Beloff and Rajput are big fans of special needs trusts, also known as supplemental needs trusts, which were established by the Omnibus Budget Reconciliation Act of 1993 (OBRA '93). Properly structured, a special needs trust can protect benefits and pay for anything except the basics covered by SSI (food and shelter). It covers medical expenses not covered by Medicaid, and also covers travel and an advocate or companion. With the trust, for example, you could take the child with special needs to a ball game, but you could not buy him a hot dog, says Beloff.

Parents often fund special needs trusts with permanent and term life insurance. Many of them use a second-to-die policy, which is even available to divorced parents and parents who've never married, says Beloff.

Rajput strongly advocates making a special needs trust stand-alone rather than burying it inside the parents' estate trust. Let's say a child's mother dies and then her grandmother dies, leaving money to help pay for her care. But since her special needs trust is inside her parents' estate and her father is still alive, it isn't activated yet. "You have the pot and coffee but nowhere to put it, no cup," she says.

Parents should seriously consider whether making the child's sibling the trustee and the ultimate beneficiary will pose a conflict. While trusts with over $1 million in assets often use a corporate or bank trustee, an option for special needs trusts with less assets is a pooled trust. Examples include the Planned Lifetime Assistance Network (PLAN) of Connecticut and the UJA-Federation of New York Community Trust for Disabled Adults. With a pooled trust, a portion of the assets may have to be donated to an organization, says Beloff.

Parents should do special needs planning early, before they start running out of money themselves, says Rajput, who recalls that many who attended her first workshop were in their 60s.
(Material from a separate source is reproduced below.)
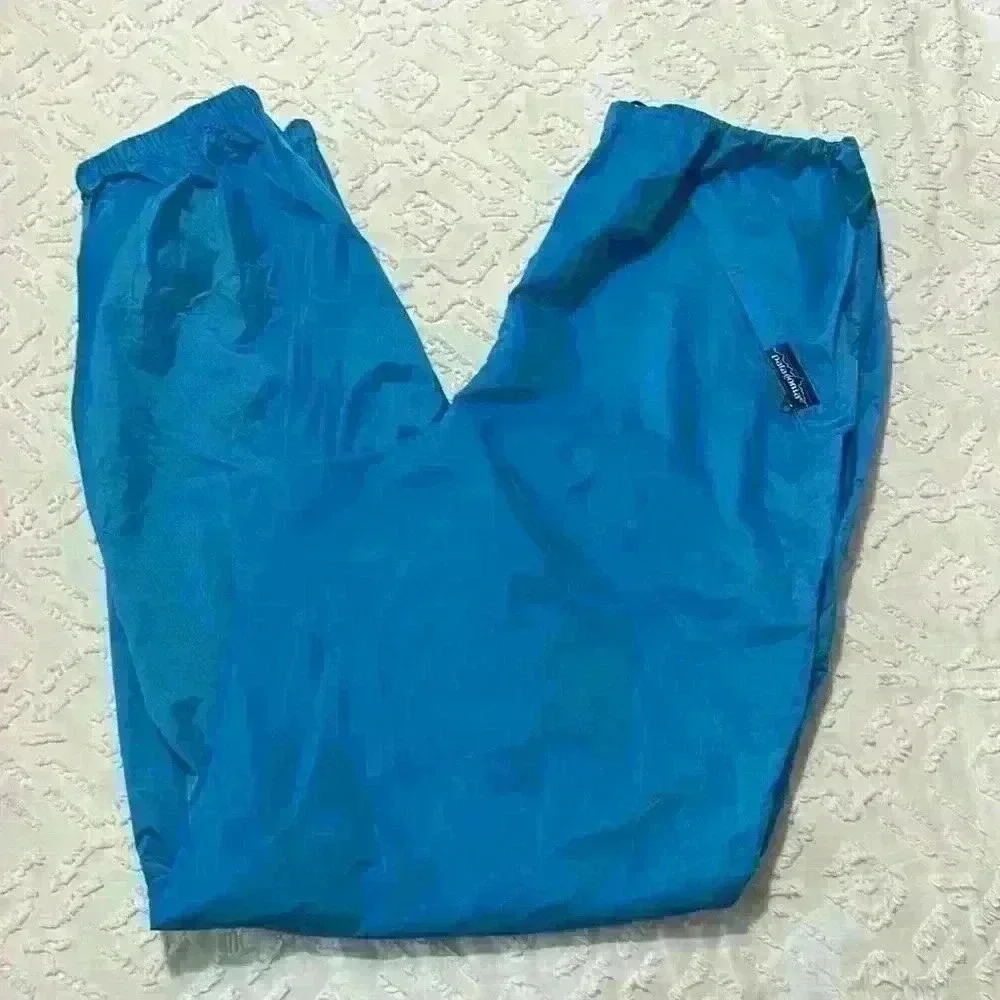 Patagonia Vintage Teal Nylon Hiking Windbreaker Ankle Zip Jogger Pants Large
She also notes that none of her clients who've passed away adequately prepared their other children for their role as guardian of their special needs sibling.

Both she and Beloff encourage special needs clients to draft a letter of intent, a non-binding planning tool that can include a child's rituals, family medical history, future job offers and other information. "It's basically a love letter to a future caregiver. ... There's so much tremendous knowledge locked in parents' brains," says Beloff.
Adulthood Challenges
Under the Individuals with Disabilities Education Act (IDEA), children under age 21 who haven't graduated from high school have the right to a "free appropriate public education." After that, parents in most states must prove their child qualifies for resources and find them on their own. "It's a much different world and parents usually are not prepared for that," says Beloff.

He encourages parents to get involved with their local service agencies before their children transition to adulthood. "These are the people who'll be looking after your children for the rest of their lives," he says. Since 2003, he has served as a director on Abilis, an agency for people with developmental disabilities and their families in lower Fairfield County, Conn.

Rajput is glad Michigan funds special needs education until age 26-the only state to do so, she says. A tough topic she's broached with clients is getting housing matters settled sooner rather than later. "Even if it's heart-wrenching, you may want to start a residential separation. Love is tough. But you don't want a child to go backwards when a parent passes away," she says. A client who wants to get her daughter set up in an apartment told her, "I want to be close enough to pick up the pieces when she falls. I can't do that when I die."

Some of the most difficult cases involve mental illness, says Rajput. "It's different from a financial planning view and how you approach parents." Parents are typically older, since illnesses such as schizophrenia and bipolar disorders often don't present themselves until adulthood. Constant tension may be present if the child won't acknowledge the disease or has alienated siblings. It's also harder planning for someone who isn't always disabled and may have assets.